Lately I've resumed working on my Stumpwork Initial, I started at Beating Around the Bush in October 2009. I'm determined to get this finished and framed.

I have managed to get sidetracked, but in a good way. Instead of making one initial, I've decided to make two, one for me and one for my granddaughter. I'm making the butterflies, flowers and leaves on a double layer of silk organza fused together, and didn't want to waste fabric, so I decided to embroider as many as I could on the square of fabric that came with the kit. I mentioned in the previous post that I ordered some Evertite frames to better use the fabric. These came and as you can see, I've mounted the silk on them. I probably could stand to put a few more tacks in the corners.

These frames are very nice! If you have never come across them, I encourage you to try them. Mary Corbet of wrote a fairly comprehensive article about them, so I won't repeat it here. They are great for this type of application, in which I'm trying to get as much use out of the fabric at hand.

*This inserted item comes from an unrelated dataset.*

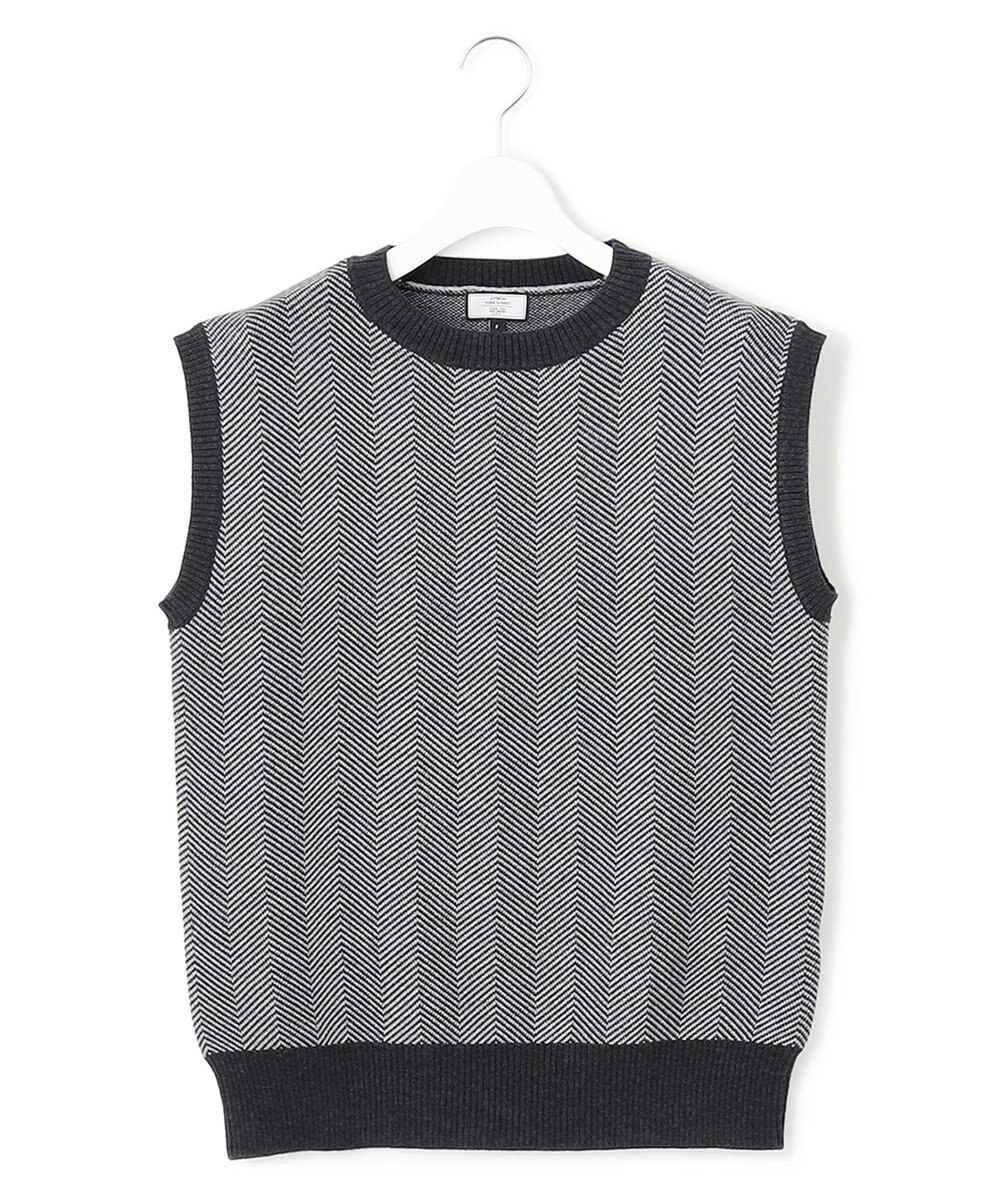 J.PRESS YORK STREET 【WOMEN】ヘリンボーンニットベスト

Embroidering these little bits is fairly tedious, so to give myself a break, I'm devoting some time on the initial. You can see the raised part on the left side of the C where I restarted the embroider. I'll "comb" these stitches in and hide any leftover bumps with the flowers.

This view of the underside of the embroidery shows how the design is transferred. Our teacher, Jan Kerton, silk screened the initial backwards onto a piece of muslin. The muslin is then placed under the silk, but not fused to it. We then work a running stitch along the lines, then backfill the running stitch so there is a continuous line of stitches on the silk surface. You can barely see this in the photo of the monogram that is right side up, look at the unfinished curlicue. We then work a whip stitch around the running stitches to give some dimension to the narrow lines. You can see this in the finished portions of the monogram. This is a great way to transfer simple designs, but would became way too tedious and complicated for fussier designs.

I hope to get a few hours of stitching in today. Here in Southern California the weather is lovely, with a high in the low 70s. So I really need to get some gardening time in while the weather is still nice.